Further, the mapping network maps the input signal into a potential spatial variable ω, and then the mapping transformation transforms the potential spatial variable into a pattern variable y ═ y (y)_s,y_b) Output to progressive generation network G_progress，y_s、y_bScaling the multiple and the deviation respectively, after each convolution module, the style variable controls a parameter of the adaptive instance normalization, and the operation of the adaptive instance normalization parameter is represented as:

wherein each feature map x_iIs regularized separately and then normalized with the feature pattern variable y, so the dimension of y is twice the number of the network layer feature maps.

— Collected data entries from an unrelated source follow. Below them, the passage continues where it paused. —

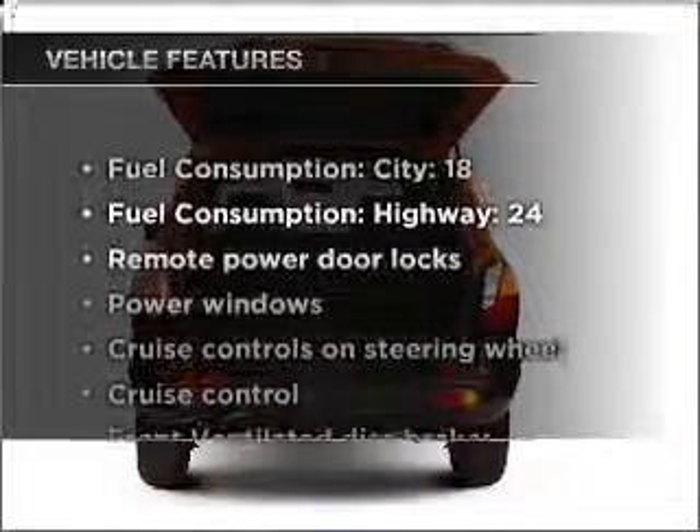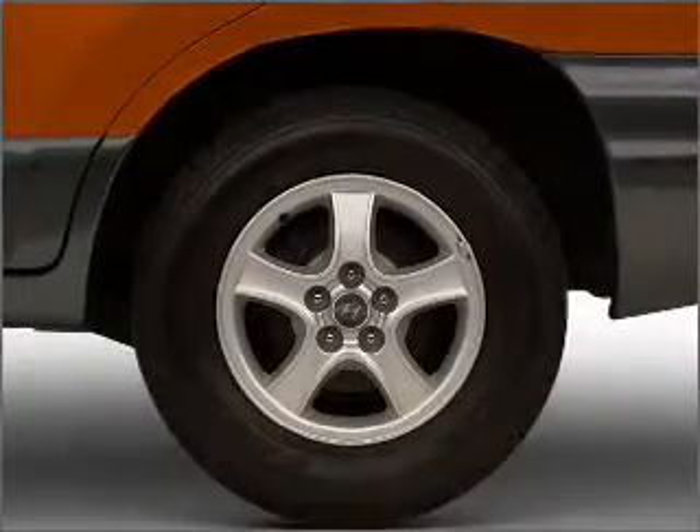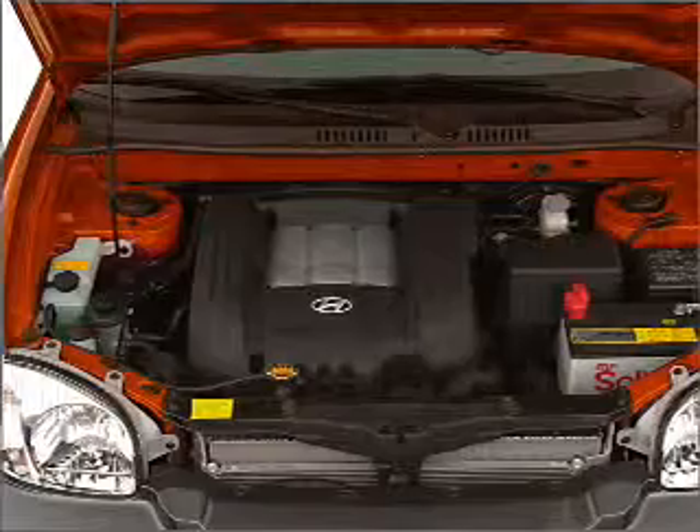Plus, enjoy these notable features that are included in this vehicle: air conditioning, power door locks, power windows, power steering, cruise control, power mirrors, an alarm system, an AM/FM stereo with a CD player, and an adjustable tilt steering wheel.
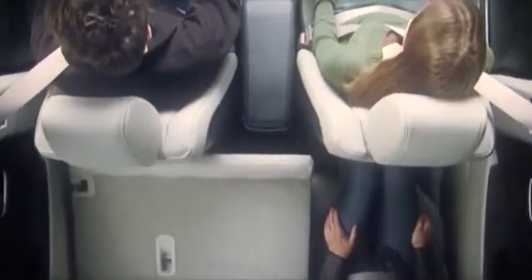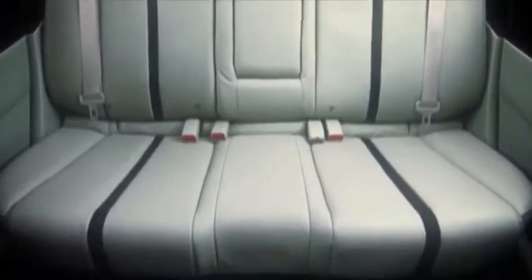With one-touch remote operation, the 60-40 split rear seat backs fold down to create a huge, flat cargo space with an available retractable cargo cover. It's no wonder that Motor Trend praised the CX-7 as the ideal SUV for the driver who dreams of an MX-5 but needs space and utility for a family.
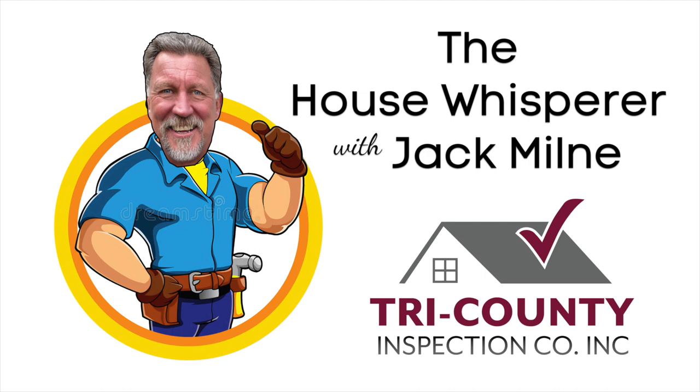Hello and welcome to another edition of the House Whisperer Show on WWDB Talk 860. I'm Barry Reisman, inviting you to stay tuned for expert advice about maintaining your house, from the roof to the basement, featuring professional home inspector Jack Milne. And Jack, hello, welcome back to WWDB. Thank you, Barry. As I signed off last time, happy New Year to everybody, and I hope that 2014 is what everyone expects it to be.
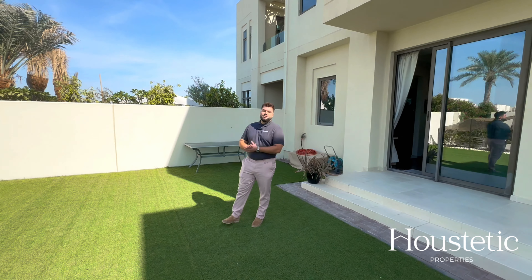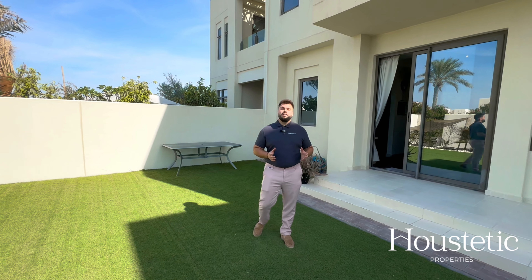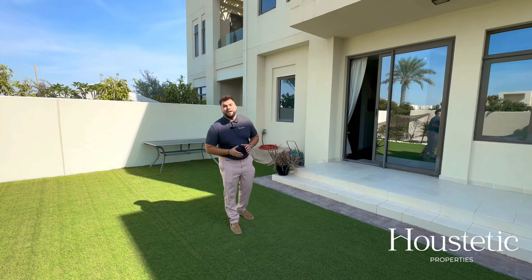Hi, I'm Kurt from Halsteadic Properties and welcome to this three-bedroom townhouse for sale in Mira Oasis. The property comprises of nearly 2,400 square feet of built-up area and is located on a plot of similar size. I hope you enjoy having a look around.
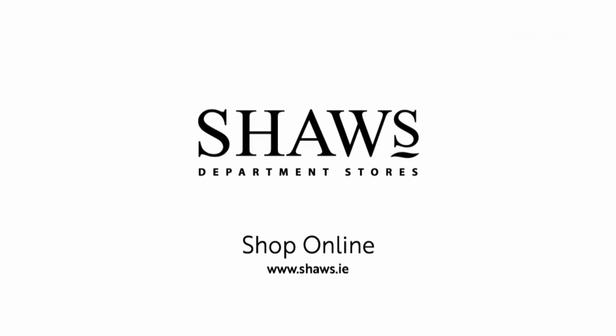Fashion on Today, brought to you by Shaw's Department Stores, in-store and online.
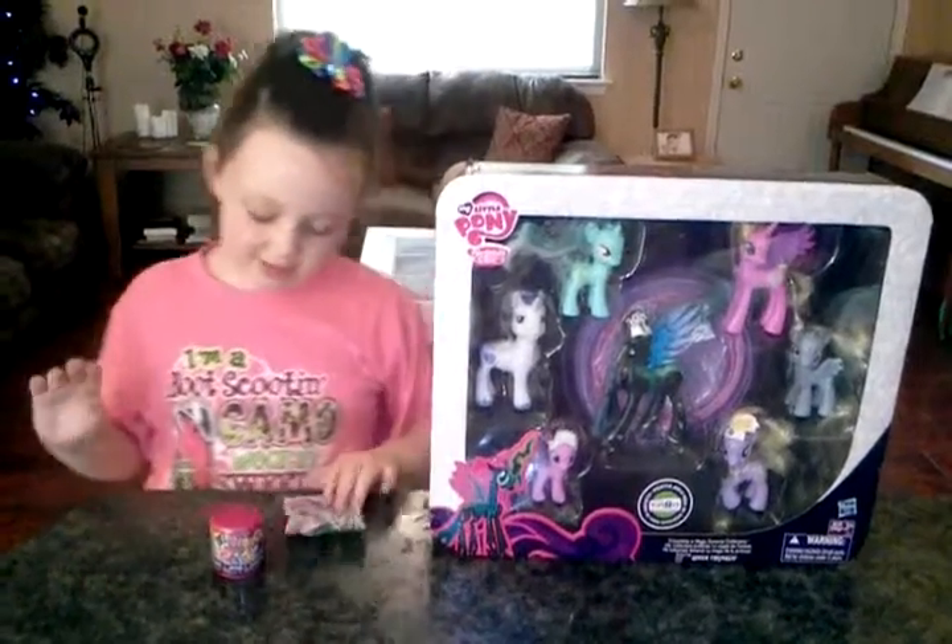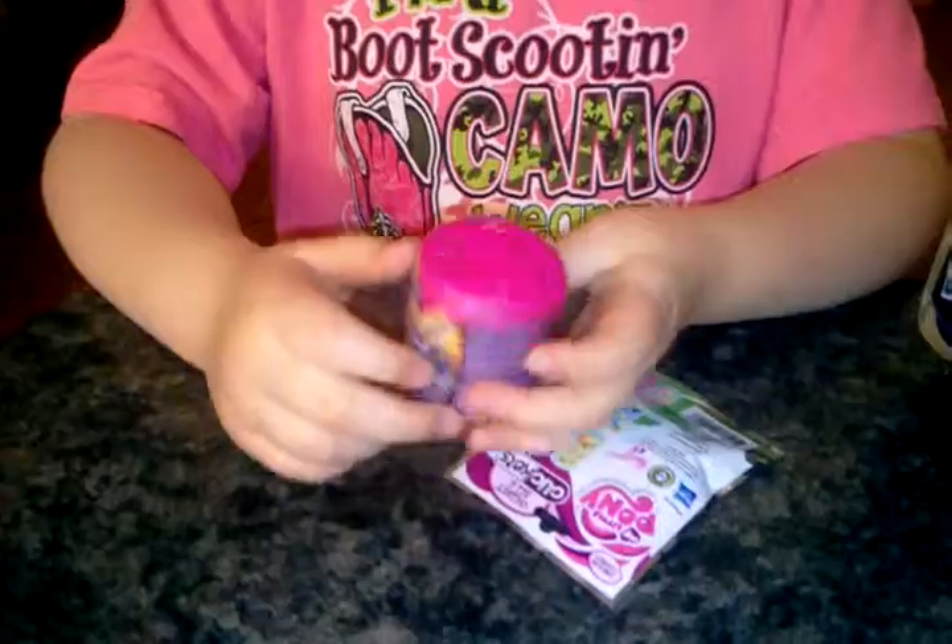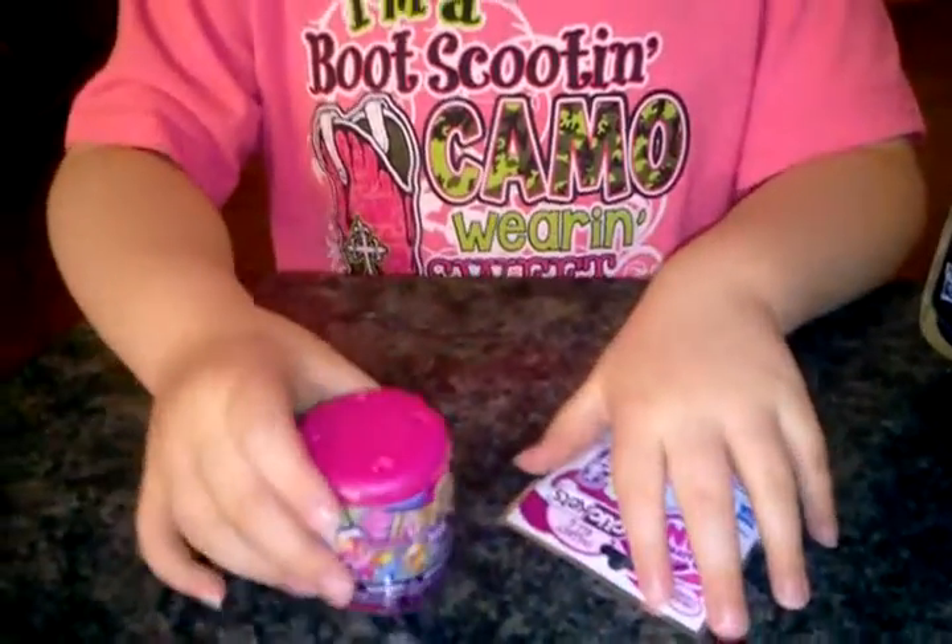Hello everybody, my name is Tegan. We got a special haul here today that I got from Toys R Us. We also got a click-it blind bag and a fashion pack, so let's go ahead and open these.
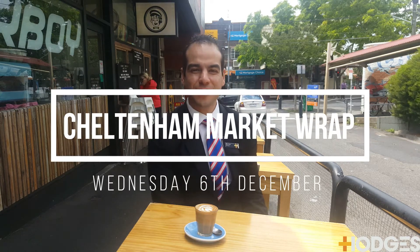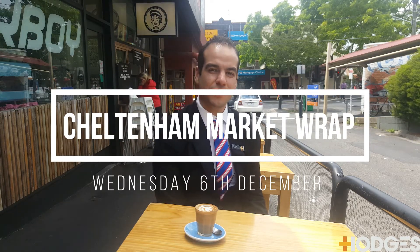Hey guys, Pandellus here from Hodges Real Estate, coming to you from Charmin Road, or Milkoy to be more specific. We're just doing our market wrap as we fast approach Christmas.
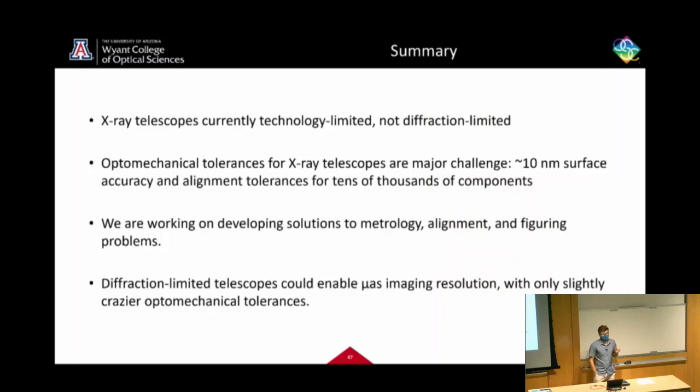To summarize: x-ray telescopes are currently technology-limited, not diffraction-limited. Most of my work focuses on optomechanical problems — metrology, alignment, and figuring — with the hope of contributing toward higher and higher angular resolution. There are of course many other exciting challenges in x-ray instrumentation, detectors, and observational methods. Thank you very much; I'm happy to answer questions.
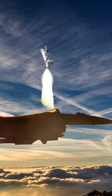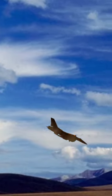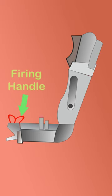The ejection seat is the last means of escape for a fighter pilot when his aircraft cannot be recovered. There are a series of actions done by the gas pressure produced by firing explosives electrically. It starts by pulling the firing handle.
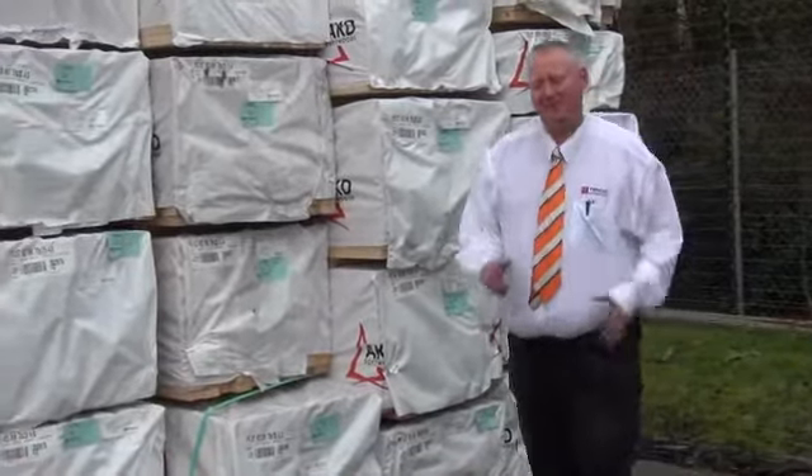G'day, Michael from Fowls here once again for the Tuesday afternoon preview for tomorrow's auction, Wednesday 19th September 2012, commencing at 10am.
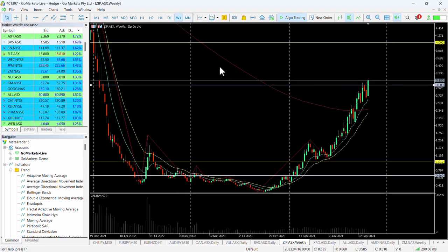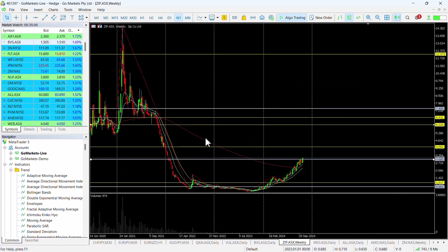In terms of where this could go, looking at the weekly chart, on the way down there was a pause around about four dollars. In the medium term, that looks like a reasonable technical target.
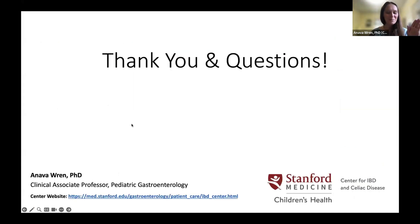Anava thanks the audience and passes the talk to Jonathan Avila, an adolescent medicine physician at Stanford Children's. Jonathan explains that adolescent medicine involves specializing in adolescent health and well-being, including dating, sexual health, intimacy, and reproductive health — which leads to the topic of his section: dating and celiac disease.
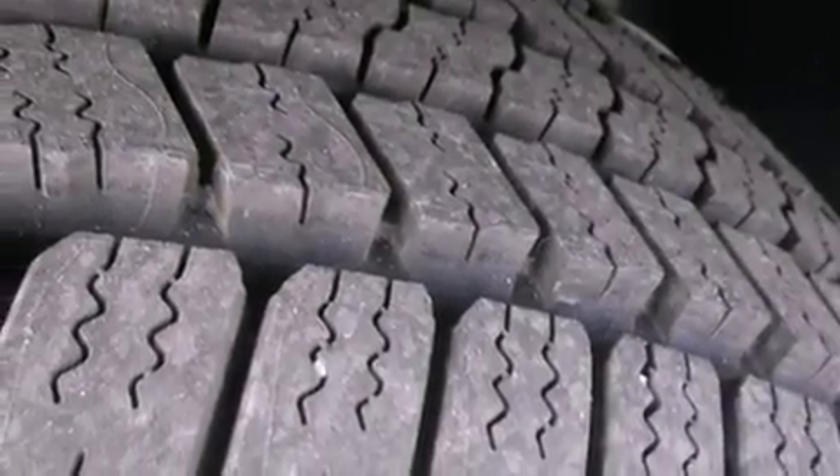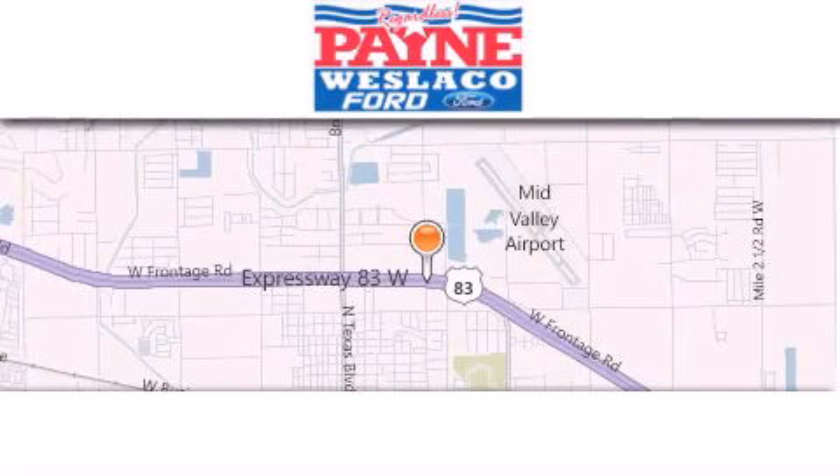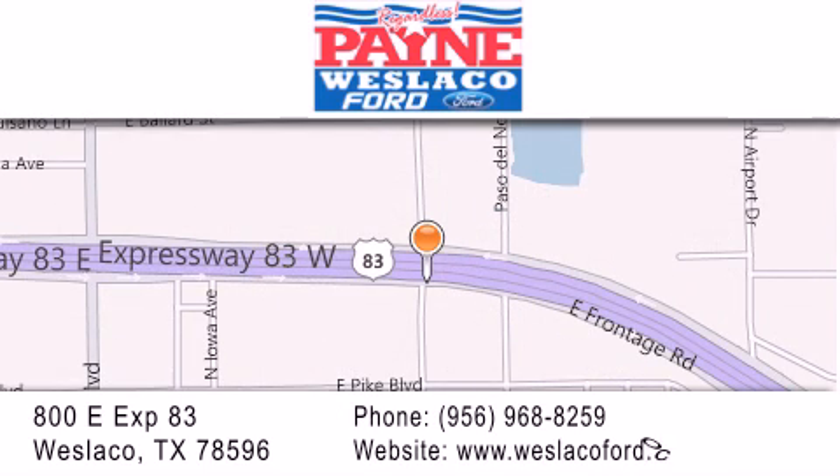We invite you to contact us today to learn more about this vehicle. Thank you for considering Payne Weslaco Ford for your next luxury vehicle. If you have any questions, please visit our website, give us a call, or stop by our dealership at 800 East Expressway 83 in Weslaco.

Further, the step S104 specifically includes: the real image, the category label and the color style label of the real image are sent to a multi-stage discriminator to judge whether the real image is true or false, the real image and the matched label are judged as true when the multi-stage discriminator starts training, and the clothing image generated by the disentanglement generator is judged as false.

Further, step S105 specifically includes: in each training, parameters are optimized according to a judgment value and an objective function, specifically, features of generated images are extracted through a VGG network, and a perception loss function is added in the training process:

F⁽ⁱ⁾indicating that the VGG network contains M_iThe i-th network of each element has the objective function as follows:

wherein λ is₁And λ₂Respectively, the hyper-parameters which need to be adjusted during training are adopted, after each iteration of the network, the parameters of the de-entanglement generator and the multi-stage discriminator are updated by using a gradient descent method, and the generator parameter theta is updated for 5 times_GUpdating the discriminator parameter once

And the error is propagated backwards.

A clothing image generation system based on a de-entangled neural network, comprising:

a user registration module: confirming the identity information of the user, and recording the clothes type and the color style preferred by the user;

an input conversion module: receiving a clothing design requirement input by a user, and converting the clothing design requirement into an input corresponding to a model;

a clothing image design generation module: the converted clothing design requirements of the user are sent into a trained model, a network receiving noise signal and condition input are generated through disentanglement, and a corresponding clothing image is output;

a display module: the system displays the clothing image output by the disentanglement network to the user, and the user can select the favorite and satisfactory image.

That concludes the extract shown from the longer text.